» Instructions for the task:
Starting at the line holding "Millimeter wave active" and finishing at the line holding "damned swordsman 3D Model", transcribe the material exactly, keeping both ends but no pictures.

» Supplied entries:
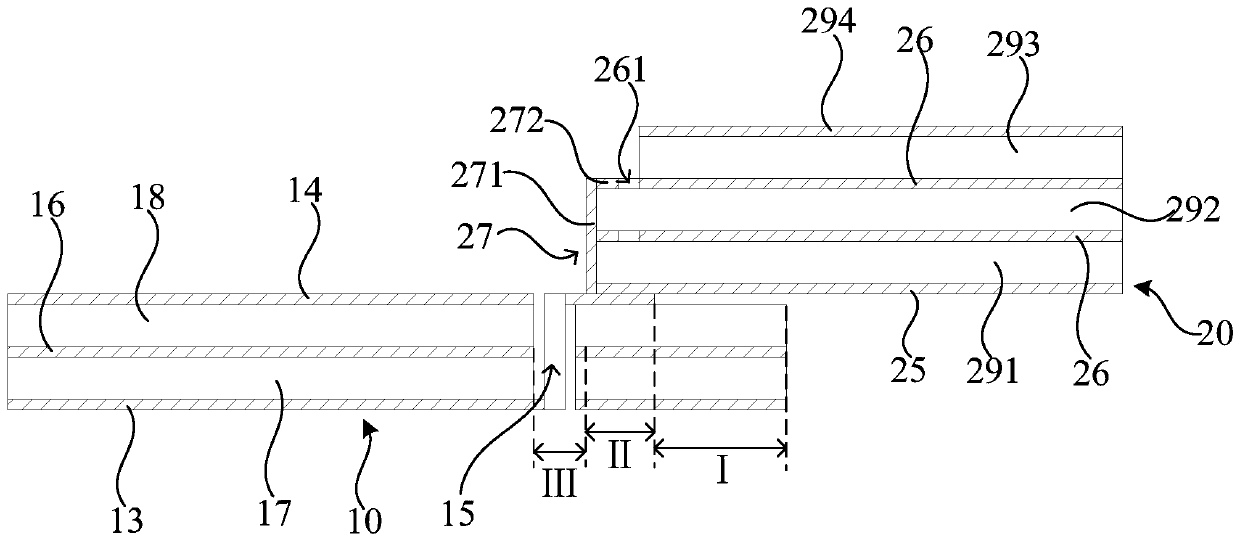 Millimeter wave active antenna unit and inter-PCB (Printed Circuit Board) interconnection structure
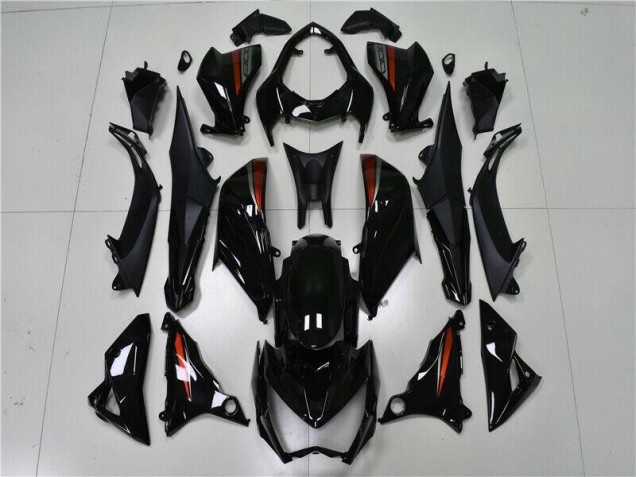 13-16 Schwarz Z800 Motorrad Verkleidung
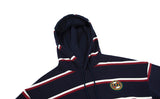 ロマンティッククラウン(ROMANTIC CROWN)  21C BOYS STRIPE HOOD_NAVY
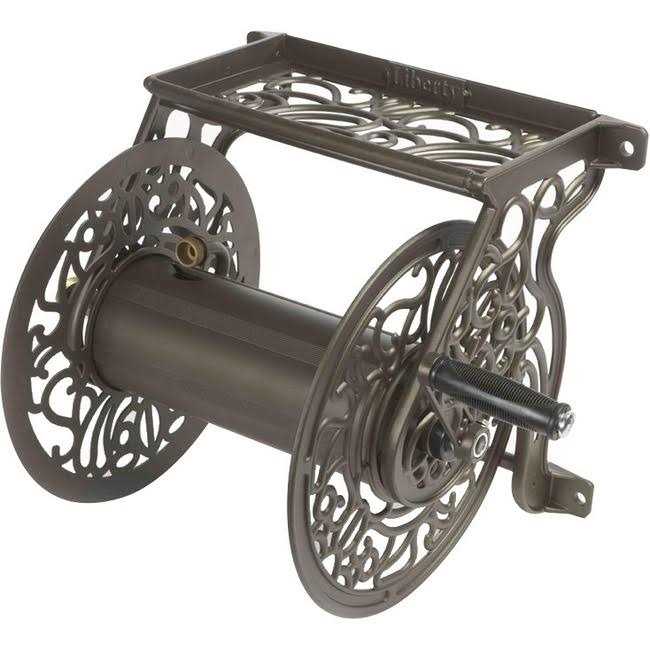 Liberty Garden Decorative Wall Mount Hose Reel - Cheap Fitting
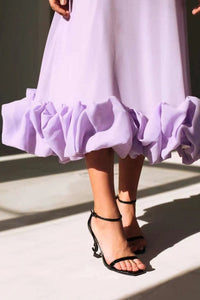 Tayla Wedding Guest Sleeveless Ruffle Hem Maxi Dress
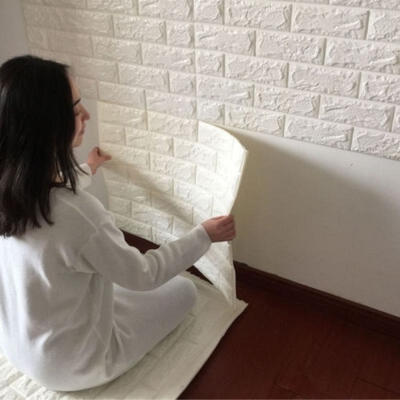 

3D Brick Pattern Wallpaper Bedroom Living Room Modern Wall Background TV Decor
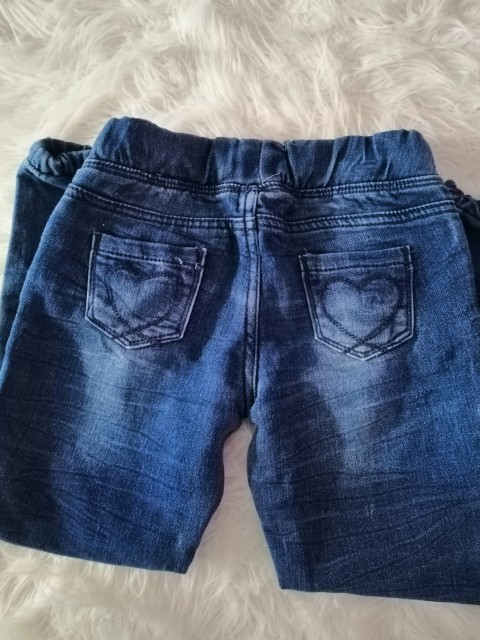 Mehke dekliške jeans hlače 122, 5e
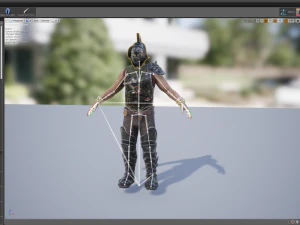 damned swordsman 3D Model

==

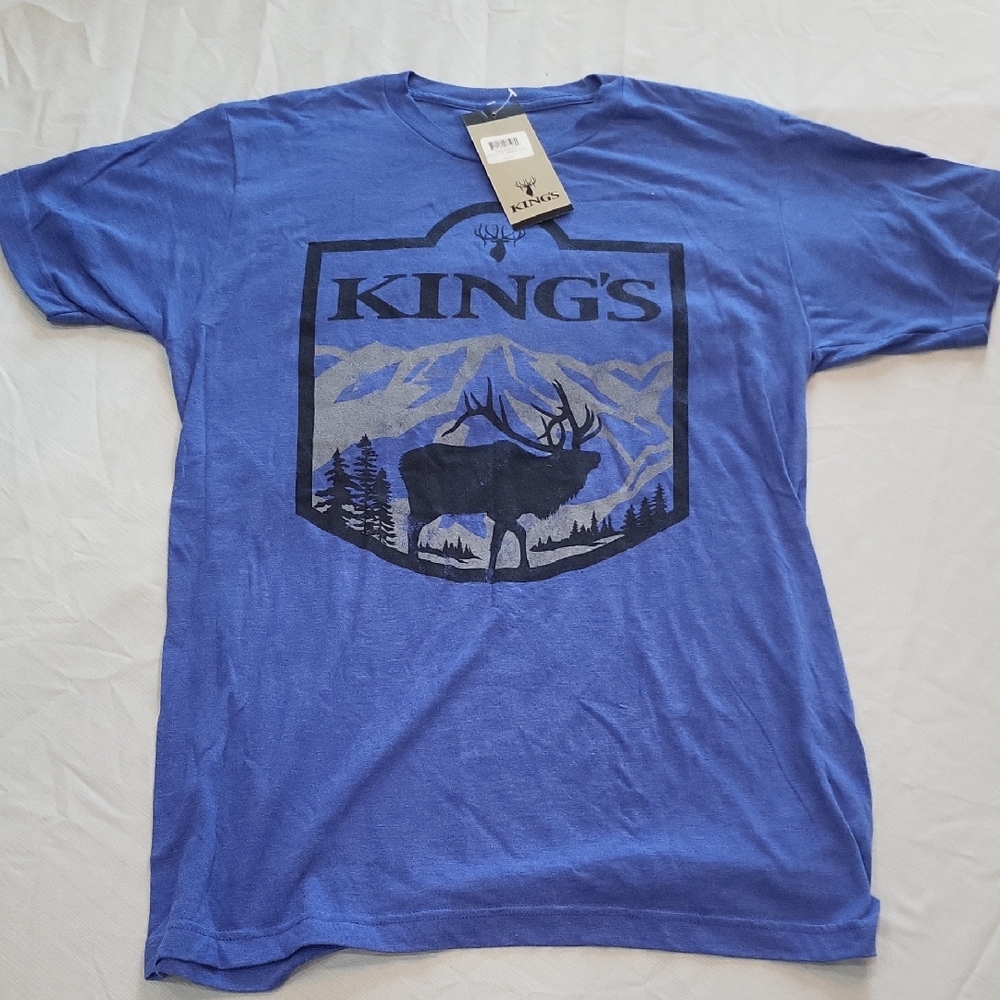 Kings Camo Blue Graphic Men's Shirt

---

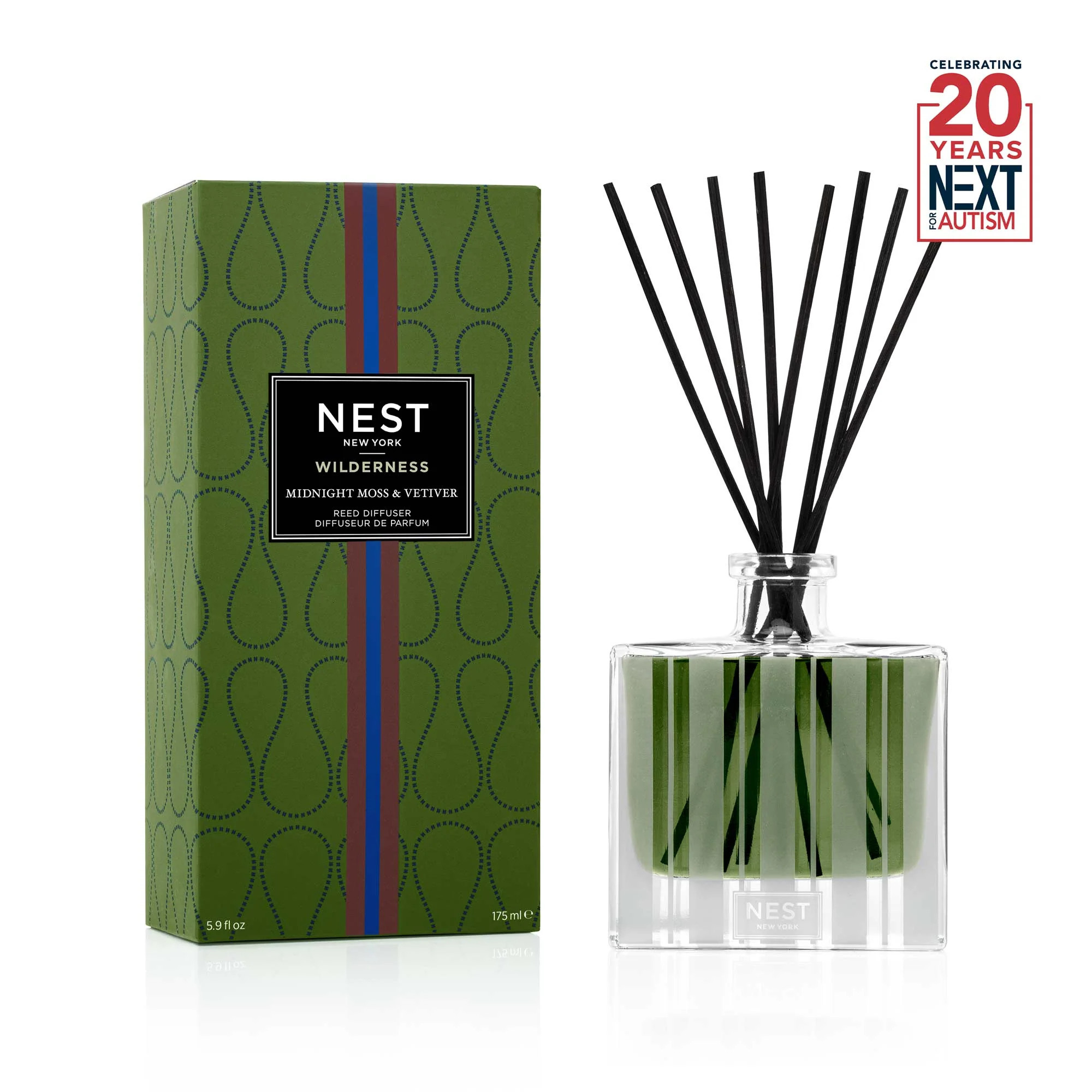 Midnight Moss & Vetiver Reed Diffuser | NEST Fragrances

» Exercise answer:
 Millimeter wave active antenna unit and inter-PCB (Printed Circuit Board) interconnection structure
 13-16 Schwarz Z800 Motorrad Verkleidung
 ロマンティッククラウン(ROMANTIC CROWN)  21C BOYS STRIPE HOOD_NAVY
 Liberty Garden Decorative Wall Mount Hose Reel - Cheap Fitting
 Tayla Wedding Guest Sleeveless Ruffle Hem Maxi Dress

3D Brick Pattern Wallpaper Bedroom Living Room Modern Wall Background TV Decor
 Mehke dekliške jeans hlače 122, 5e
 damned swordsman 3D Model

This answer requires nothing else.